There is something inherently likeable about Tom Allen and it doesn't surprise me to find him greeting his audience pre-show, immaculately dressed bringing a sense of formality to proceedings which singles him out from the majority of his peers. He has a wonderfully elevated tone, and the audacity to confess to his delusions of grandeur shamelessly; that he believes himself to be better than everyone and announced to his classmates he was an emperor! Combine this with his snappy, bitchy wit and you would think Allen would be the the type of guilty pleasure that one finds incredibly funny but really shouldn't. However this devilishly witty, intelligent man about town is entirely loveable, notably fragile and more than willing to ridicule himself just as much as he does the characters wound into his stories.
Allen weaves a tale of the 32 year old singleton, currently living with his parents and tolerating the tendency slightly older, middle class couples have to ‘accept the gays’ by way of guiding them into relationships. One could say his tales of Sunday buffets at his mothers friends house are reminiscent of a male Bridget Jones, keen to couple up but not through the politeness of middle aged matchmaking. The unexpectedly extended stay in Joyce’s downstairs loo is a masterful set piece which descends into the best kind of borderline inappropriate suggestion through a classy PG delivery. Allen credits his audience with the intelligence to find the smut between the lines. I haven't worked out how but the gay stereotype which can often become predictable and ‘expected’ in some acts, is somehow avoided when seeing Tom Allen at work. Perhaps it's through the moments of balancing a classic persona with attempts at the macho. There is a repeated motif in the set where Allen motions to put his foot on a chair in a more forceful ‘butch’ style which he is quick to reinforce as a pose that doesn't suit him. When he later returns to it, the stance becomes even funnier.

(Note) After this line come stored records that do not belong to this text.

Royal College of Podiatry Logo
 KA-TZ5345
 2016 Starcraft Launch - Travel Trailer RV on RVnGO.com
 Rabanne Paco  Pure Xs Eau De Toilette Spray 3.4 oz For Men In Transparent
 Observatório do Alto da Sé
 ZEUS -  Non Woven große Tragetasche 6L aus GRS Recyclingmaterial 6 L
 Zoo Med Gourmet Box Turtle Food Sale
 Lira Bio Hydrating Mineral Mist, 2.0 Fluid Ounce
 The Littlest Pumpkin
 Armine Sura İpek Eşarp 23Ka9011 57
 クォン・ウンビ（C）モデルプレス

The really glowing section of the set comes when Allen references his childhood, especially if you too grew up in the late 80s/early 90s. In particular there is a wonderful hark back to the horrors of gym lessons, where the key word, executed in gloriously snappy syllables, was ‘apparatus’. He goes on to explain the dangers of the gymnasium, with one or two saucy references along the way, singling himself out as the child tap dancing and braiding girl’s hair. It's the sort of material that has audiences nodding in gleeful agreement, and Allen detailed writing gives you the clearest of visual images with which to imagine ‘young Tom’ struggling through early adolescence.
‘Indeed’ is a delightfully funny insight into how a single gay man avoids identifying as the stereotype an older crowd might categorise him into, whilst continuing down the road to contentment as the fashionably suave modern gent we have seen before us tonight.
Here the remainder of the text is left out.